Intendant of Montevideo
- In office 9 July 2015 – 1 April 2019
- Preceded by: Ana Olivera
- Succeeded by: Christian Di Candia

Senator of Uruguay
- In office 15 February 2010 – 16 June 2015
- Preceded by: Mónica Xavier
- Succeeded by: Daisy Tourné

Minister of Industry, Energy and Mining
- In office 3 March 2008 – 31 August 2009
- President: Tabaré Vázquez
- Preceded by: Jorge Lepra
- Succeeded by: Raúl Sendic

President of ANCAP
- In office 1 March 2005 – 3 March 2008
- Preceded by: Gabriel Gurméndez
- Succeeded by: Raúl Sendic

Personal details
- Born: Daniel Carlos Martínez Villamil 23 February 1957 (age 69) Montevideo, Uruguay
- Party: Socialist Party
- Other political affiliations: Broad Front;
- Spouse: Laura Motta
- Alma mater: Universidad de la República

= Daniel Martínez (politician) =

Uruguayan industrial engineer & politician (born 1957)

Daniel Carlos Martínez Villamil (born 23 February 1957) is a Uruguayan politician who served as intendant of Montevideo from 2015 to 2019. He previously served as Senator of the Republic from 2010 to 2015, as minister of Industry, Energy and Mining in the administration of José Mujica from 2008 to 2009 and as president of the state-owned petrol company ANCAP from 2005 to 2008. A member of the Socialist Party – Broad Front, he was a candidate for president in the 2019 general election, being defeated in the second round by Luis Lacalle Pou.

== Early life and career ==
Daniel Martínez was born on 23 February 1957 in Montevideo, into a conservative middle-class family.

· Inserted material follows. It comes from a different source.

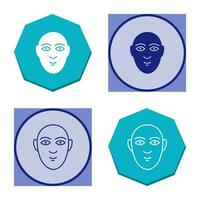 Human Face Vector Icon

He was the second and youngest son of Roberto Martínez and María de los Ángeles Villamil. He also holds French nationality, due to the fact that his paternal grandmother was born in France while his great-grandfather served as Uruguayan consul in France in the early years of the 20th century.

Martínez was raised in the Pocitos neighborhood and attended Colegio Seminario. In 1981 he graduated from the University of the Republic with a degree in electrical engineering.

For many years he was Vice President of the Uruguayan Engineers' Association. He was elected Intendant of Montevideo in 2015.

He is a member of the Uruguayan Socialist Party, having been active during the period of civic-military dictatorship of Uruguay (1973–1985).

==Industry Minister==
From March 3, 2008 until August 31, 2009, he served as Uruguayan Minister of Industry, Energy and Mining in the government of President Tabaré Vázquez. He succeeded Jorge Lepra in that post.

==Intendant of Montevideo==
In the 2015 elections he was elected as Intendant of Montevideo. In April 2019 he resigned as Intendant of Montevideo to run for the Presidency and was succeeded by Christian Di Candia.

==Presidential candidate==
Martínez was the presidential candidate of the Broad Front for the 2019 national elections. After a very close runoff election against National Party candidate Luis Lacalle Pou, Martinez was defeated by just over 37,000 votes, and withdrew after absentee ballots were counted. He chose Graciela Villar as his running mate. On November 28, 2019, Martínez conceded defeat.

== Personal life ==
He is married to Laura Motta, an English teacher, with whom he has three daughters and seven grandchildren.